Der zuständige Technologieanalyst warnt vor wegbrechenden Grossaufträgen und watscht die Aktien der Genfer Bankensoftwareschmiede mit einem Kursziel von 90 (zuvor 121) Franken von "Neutral" auf "Underperform" ab. Seines Erachtens geht von der Konsolidierung des europäischen Bankensektors ein nicht zu unterschätzendes Risiko für die Investitionen in die IT-Infrastruktur aus.

Es ist womöglich bloss ein Zufall, dass die Herunterstufung zeitlich in eine kritische Wortmeldung von ShadowFall fällt. Der berüchtigte Leerverkäufer rät nämlich ganz unverblümt zu Wetten gegen die Aktien von Temenos.
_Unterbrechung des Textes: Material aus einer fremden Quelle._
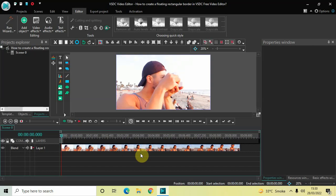Hey guys, welcome back to Next Gen Blog. In this video I want to show you how you can create a floating rectangular border in VSDC free video editor. It's actually super easy to create, so without further delay let's get started and see how you can do this.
Die Amerikaner kritisieren die hohen Forschungs- und Entwicklungskosten sowie deren Verbuchung. Ausserdem berichten sie von Diskrepanzen zwischen dem Genfer Mutterhaus und der indischen Tochtergesellschaft für Forschung und Entwicklung.

Der Kursverlauf der Temenos-Aktien über die letzten 12 Monate (Quelle: www.cash.ch)

ShadowFall ist für Temenos kein Unbekannter. Bereits vor ziemlich genau einem Jahr blies der Leerverkäufer schon einmal zu einem Angriff auf die Aktien. Damals waren ihm die massiven Titelverkäufe aus der Teppichetage sowie "buchhalterische Bedenken" ein Dorn im Auge.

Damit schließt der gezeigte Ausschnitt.